_Source records_:
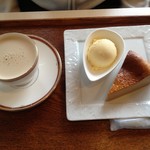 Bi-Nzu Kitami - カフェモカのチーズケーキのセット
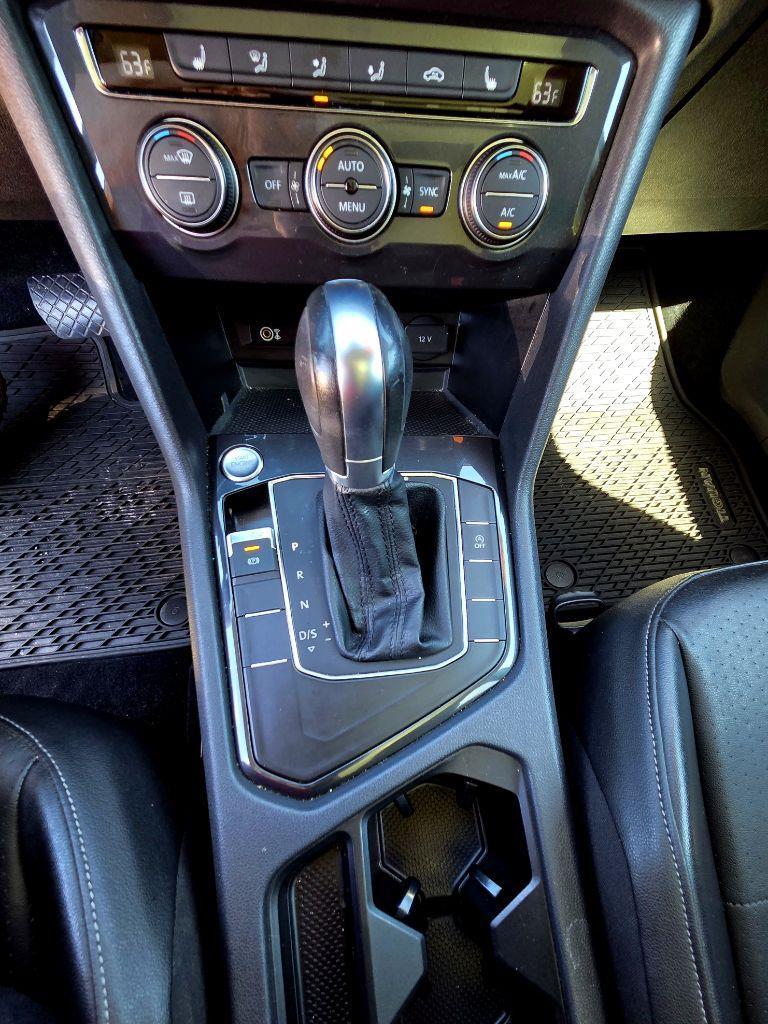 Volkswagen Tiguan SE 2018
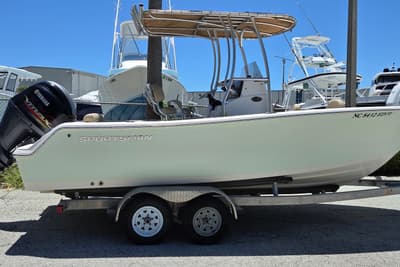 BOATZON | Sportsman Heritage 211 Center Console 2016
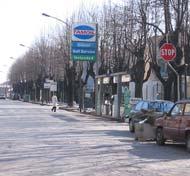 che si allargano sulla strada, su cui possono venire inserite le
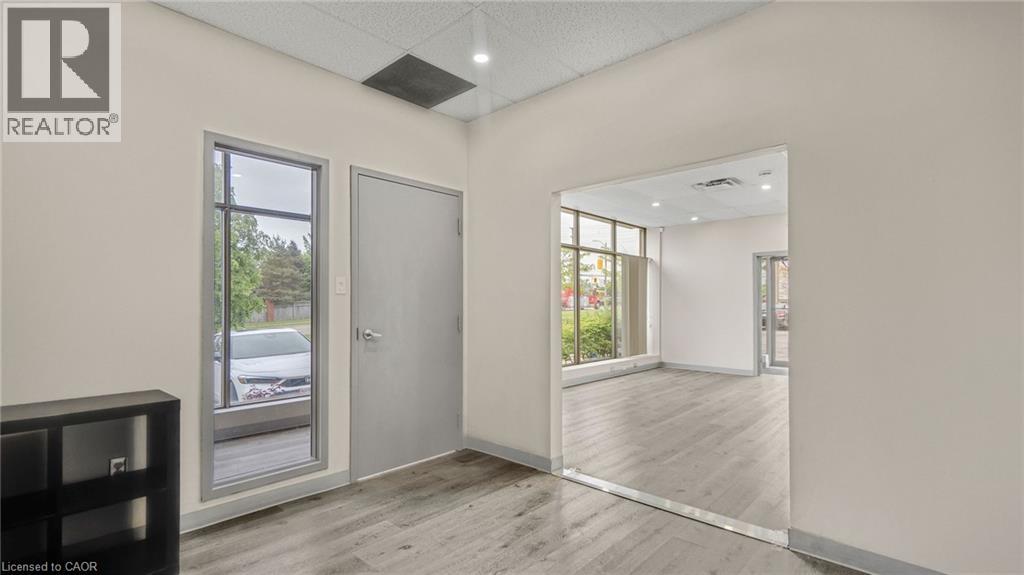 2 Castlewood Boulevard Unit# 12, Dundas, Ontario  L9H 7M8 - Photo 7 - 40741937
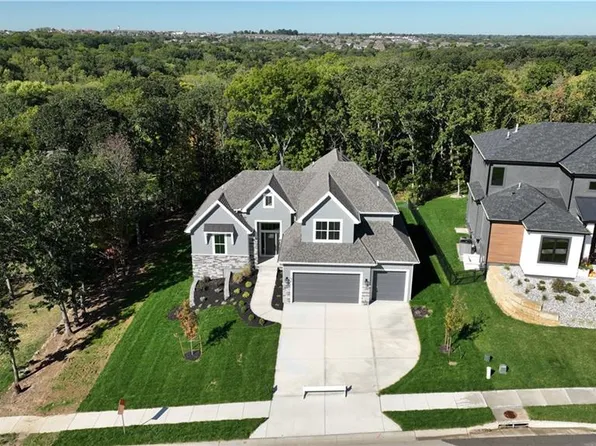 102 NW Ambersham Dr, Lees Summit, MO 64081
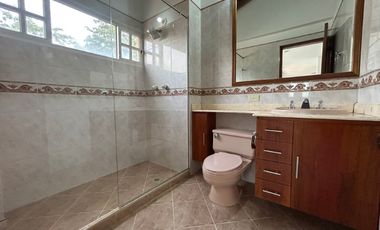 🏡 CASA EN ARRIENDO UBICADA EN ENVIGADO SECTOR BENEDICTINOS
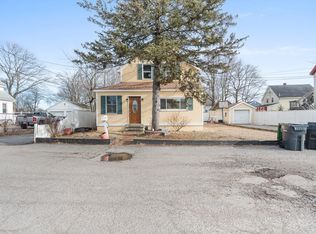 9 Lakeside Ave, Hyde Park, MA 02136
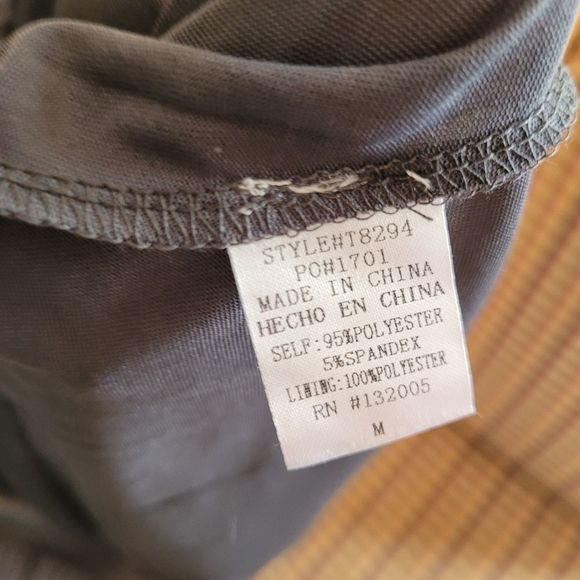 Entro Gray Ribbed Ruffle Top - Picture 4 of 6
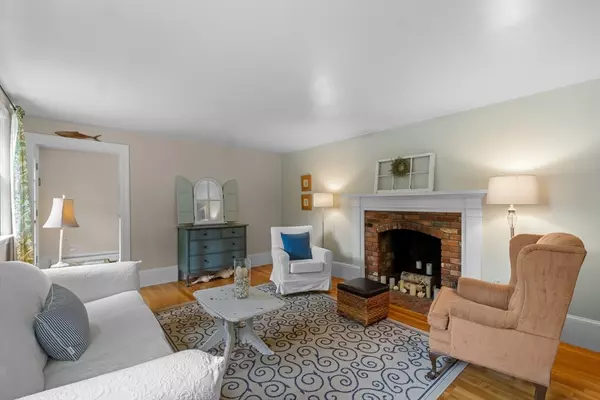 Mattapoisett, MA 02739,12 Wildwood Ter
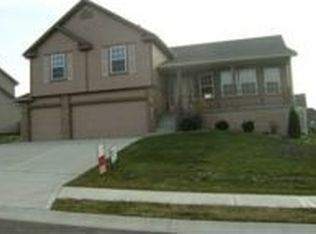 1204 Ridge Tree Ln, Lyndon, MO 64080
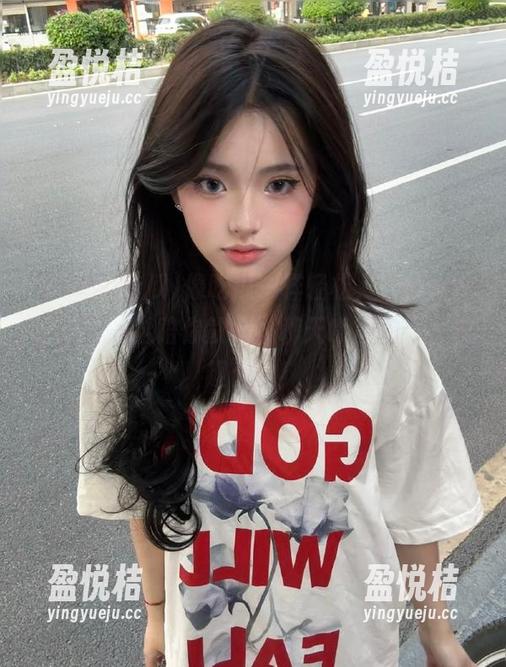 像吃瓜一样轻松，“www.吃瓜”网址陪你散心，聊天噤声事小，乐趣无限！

_PROBLEM TO SOLVE_:
Repeat every record above exactly. Omit the pictures.

_REPLY_:
 Bi-Nzu Kitami - カフェモカのチーズケーキのセット
 Volkswagen Tiguan SE 2018
 BOATZON | Sportsman Heritage 211 Center Console 2016
 che si allargano sulla strada, su cui possono venire inserite le
 2 Castlewood Boulevard Unit# 12, Dundas, Ontario  L9H 7M8 - Photo 7 - 40741937
 102 NW Ambersham Dr, Lees Summit, MO 64081
 🏡 CASA EN ARRIENDO UBICADA EN ENVIGADO SECTOR BENEDICTINOS
 9 Lakeside Ave, Hyde Park, MA 02136
 Entro Gray Ribbed Ruffle Top - Picture 4 of 6
 Mattapoisett, MA 02739,12 Wildwood Ter
 1204 Ridge Tree Ln, Lyndon, MO 64080
 像吃瓜一样轻松，“www.吃瓜”网址陪你散心，聊天噤声事小，乐趣无限！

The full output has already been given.